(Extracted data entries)

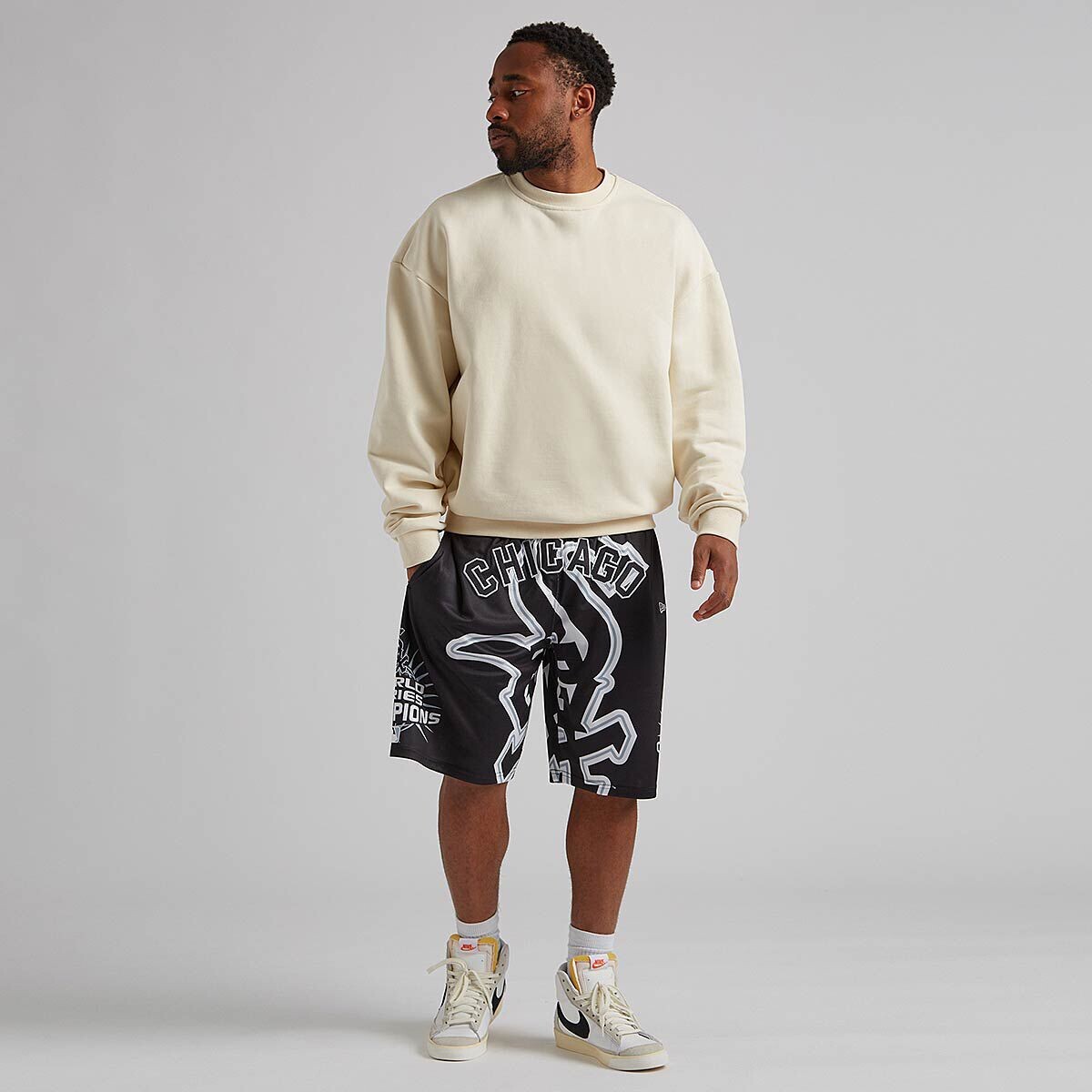 Шорты MLB CHICAGO WHITE SOX LOGO SHORTS New Era, цвет Schwarz
Шорты MLB CHICAGO WHITE SOX LOGO SHORTS New Era, цвет Schwarz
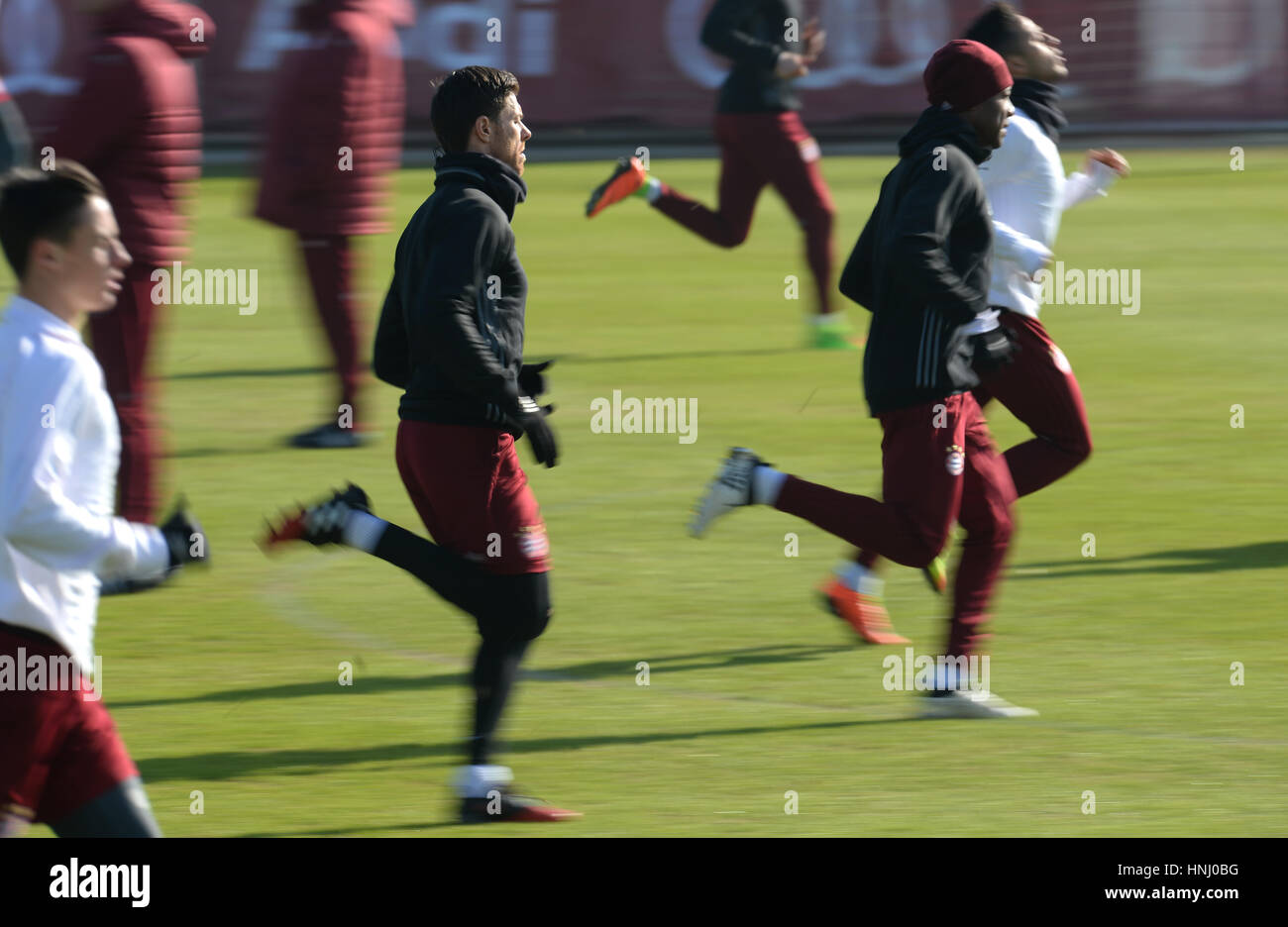 Munich, Germany. 14th Feb, 2017. Xabi Alonso runs with the team at the final training session with FC Bayern Munich ahead of the Champions League round of 16 soccer match between Bayern Munich and Arsenal FC at the training grounds on Saebener-Strasse in Munich, Germany, 14 February 2017. Photo: Andreas Gebert/dpa/Alamy Live News Stock Photo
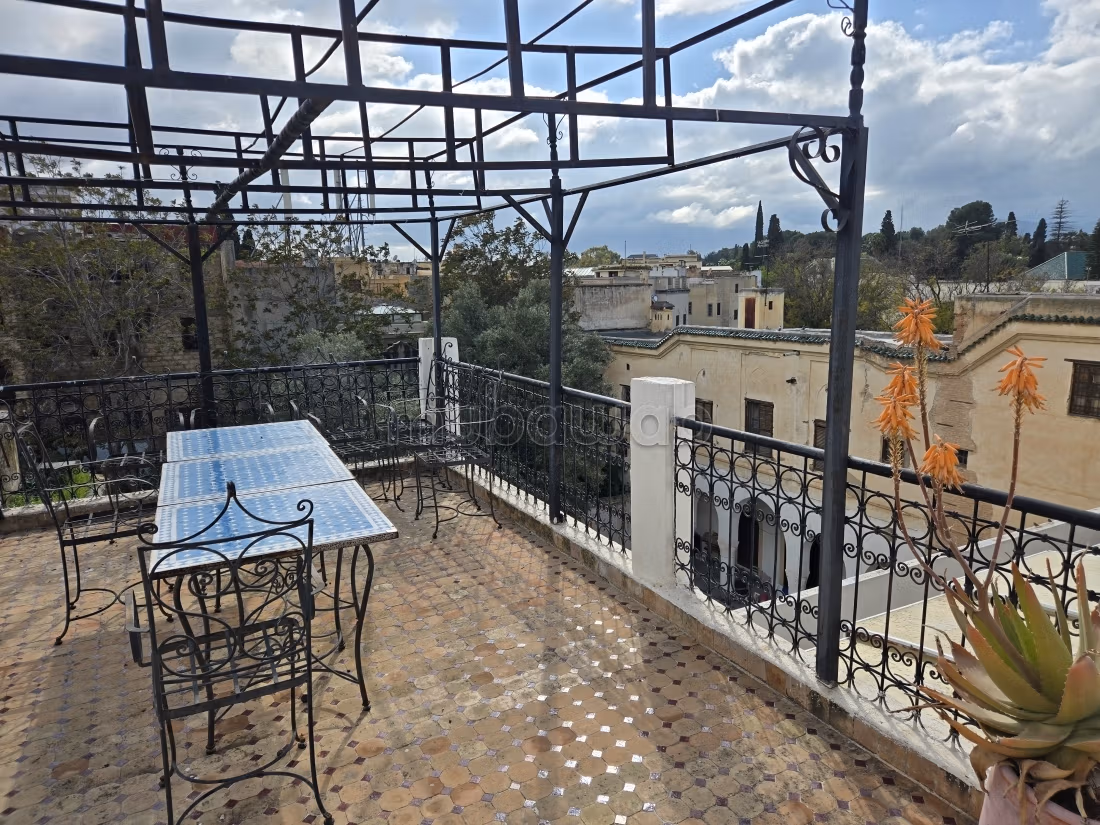 TE KOOP, Mooi 6 Slaapkamer Riad in Batha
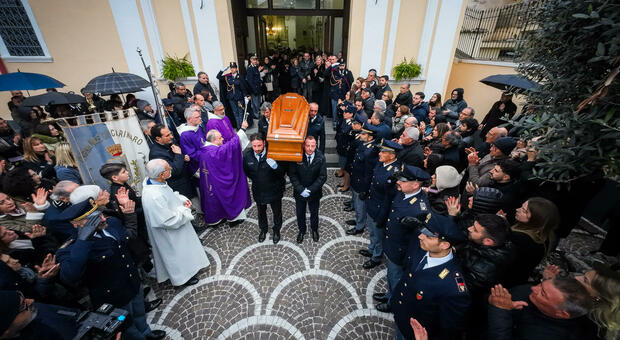 i funerali di Nicola Barbato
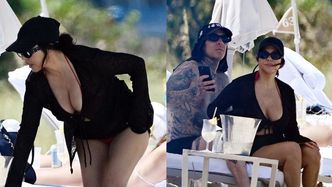 Kourtney Kardashian wygrzewa się na plaży u boku Travisa Barkera 7 miesięcy po porodzie (ZDJĘCIA)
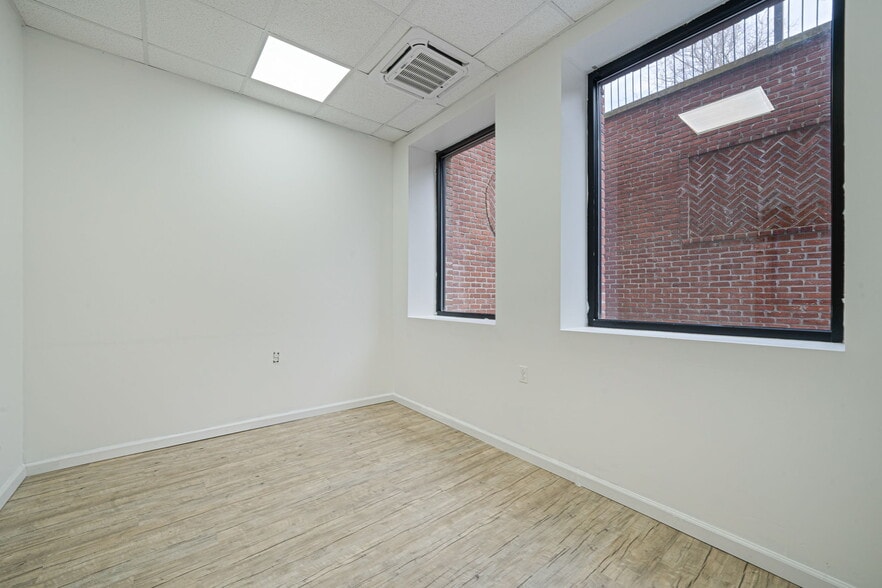 More Photos Of 263-265 Indian Head Rd, Kings Park Medical For Sale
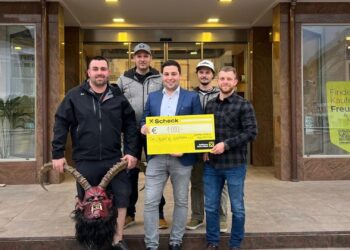 Spende vom Krampusspektakel 2025: Obertrauner Krampusgruppe auch sozial aktiv!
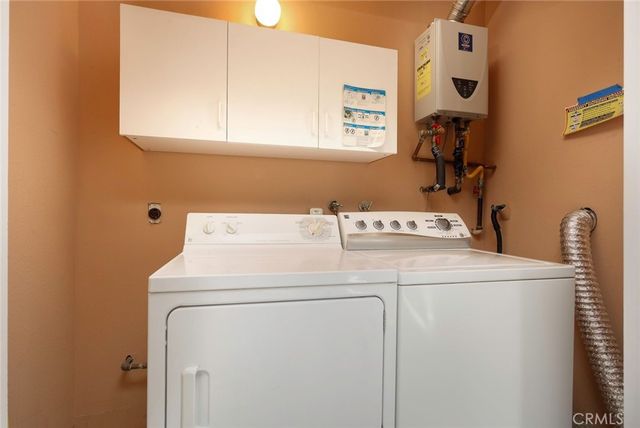 38514 Carolside Avenue, Palmdale, CA 93550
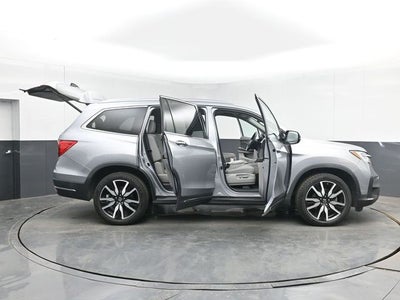 2022 Honda Pilot Touring 8 Passenger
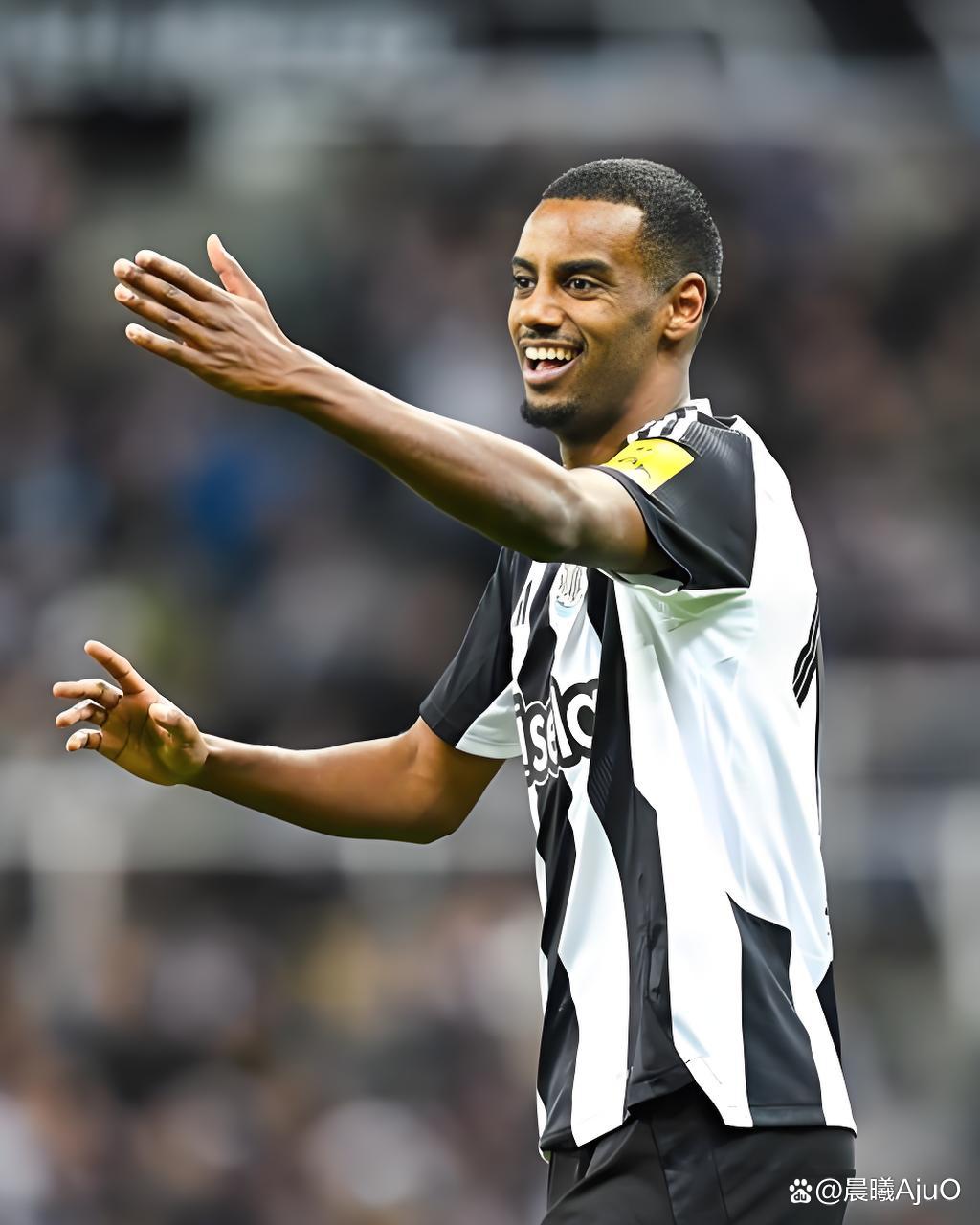 共享体育盛会-关于利物浦训练开放日，转会期主帅复盘引欢呼，亚冠在即，训练强度明显提升的信息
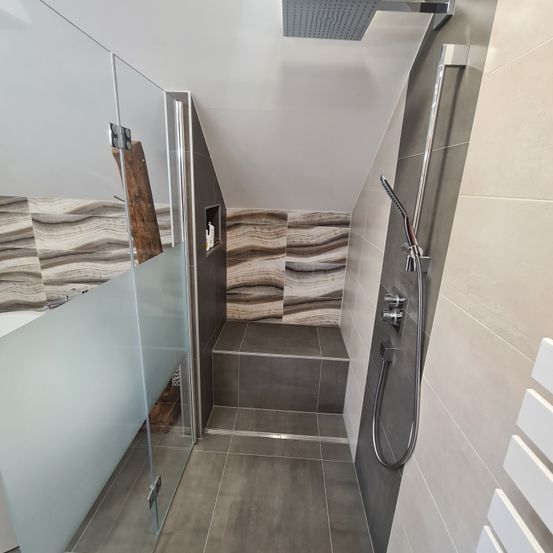 Bild enthält, Indoors, Interior Design, Architecture, Building, Floor, Bathroom, Room, Shower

## What the exercise asks
Go back to the entries above and restate word for word every line from the first through the one that contains "Munich, Germany. 14th", leaving the pictures behind.

## Solution to this task
 Шорты MLB CHICAGO WHITE SOX LOGO SHORTS New Era, цвет Schwarz
Шорты MLB CHICAGO WHITE SOX LOGO SHORTS New Era, цвет Schwarz
 Munich, Germany. 14th Feb, 2017. Xabi Alonso runs with the team at the final training session with FC Bayern Munich ahead of the Champions League round of 16 soccer match between Bayern Munich and Arsenal FC at the training grounds on Saebener-Strasse in Munich, Germany, 14 February 2017. Photo: Andreas Gebert/dpa/Alamy Live News Stock Photo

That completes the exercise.